Perhaps you’ll say that it’s more than adding math that makes something a science, that one also requires things that can be measured or at least observed, systematic measurements or observations recorded over time, hypotheses formed and proved or disproved, etc. And that’s fair enough. Except that people who do tarot and astrology make plenty of observations and record them. There’s a literature.
To be clear, I don’t consider tarot and astrology to be science. But I also don’t think we live in a world in which only those things that are science are worth spending time on. My psychiatrist is Catholic and goes to mass. Would we want to call Catholicism a pseudoscience too and sneer at her (“may she find solace in it”)? I should hope not–even though I’m not Catholic or Christian–I would call such practices, religion, and recognize that they don’t claim to be science. But things that are not science are not nothing. Where is the science in the word “solace,” for example? “Solace” comes from “console,” which is rooted in the idea of being with someone. But why should being with someone make them feel better? Or contrarily, why shouldn’t it?
What you’re not seeing is that this isn’t a matter of what is real and what is not. There are many ways to work with human consciousness (which is a thing the existence of which also hasn’t been scientifically proven). Religion and spirituality give us different tools than science or social science does. That doesn’t mean one is valid and one is merely a silly comfort to be scorned by those of intelligence. That very scorn would benefit from closer study: what are its roots?

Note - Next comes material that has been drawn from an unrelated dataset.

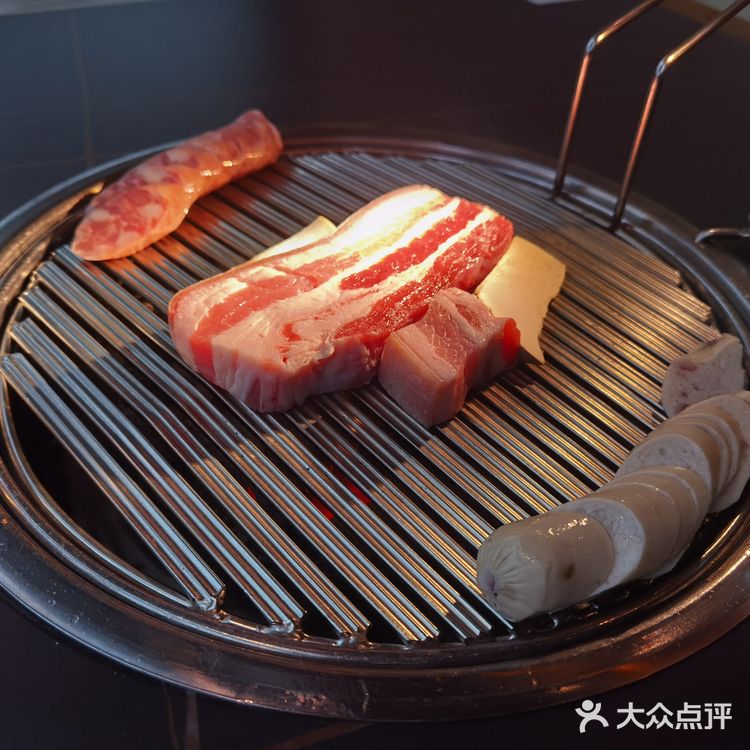 aaa真的不理解这么好的烤肉人为什么少！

I would encourage you to take a step back, recognize that we don’t even know if we are conscious, and that given that the very idea of our consciousness is theoretical and potentially imaginary, we might as well work with it using tools whose existence is equally theoretical and potentially imaginary. To paraphrase a Zen sage, “Skillful means: We use things that are not real to work with things that are not real.”
Be more thoughtful.
In rereading this now, I want to also note: I’m not criticizing tarot or astrology by saying that they may be “theoretical and potentially imaginary.” I’m saying that that’s how they look from the perspective of modern science. They might be imaginary, but the thing is, so might we. (Cue spooky music to play.)
In other words, this is a discussion that calls for the defining of a lot more terms than we have defined here. Are you real? What about your feelings? Why do you have the feelings you do? What do you love or hate? What raises your energy? What are the roots of your contentment or your grief? (Exactly why does it bother you when your loved ones die? Or when your heart is broken? Or when you lose an election? Aren’t you being a little normative and unscientific here? For that matter why does the prospect of your own death bother you? Why are you acting like anything matters? Are you finding these questions unconscionable? But surely you do recognize that they are perfectly REASONABLE questions.) Are any of those things measurable or quantifiable by science? Only if you rank them on a scale of 1 to 10 so scientists can run regressions on them. You think that makes something real? It doesn’t.
Here’s another example: Words are not real. But they matter insofar as they affect the real world. We saw that on Jan. 6, for example. But you have also seen the power of words yourself if you have ever told someone you love them or heard those words in return, if you have ever sung a lullaby, if you have ever given a pep talk.
Your spiritual and religious practices and beliefs are valid in and of themselves and they don’t need science to make them so.
Likewise, discussions held in university departments of religion and philosophy are not stupid, nor are these discussions engaged in by “troubled people seeking solace.” Intellectually, they hold their weight with their colleagues in the physical and social sciences. And that’s why people in the sciences come to people like me (for those who don’t know this, a lot of my time in my day job is spent on science writing and editing) to help them choose their words more carefully–not because they think I’m troubled and in need of solace, but because they find me reasonable and thoughtful.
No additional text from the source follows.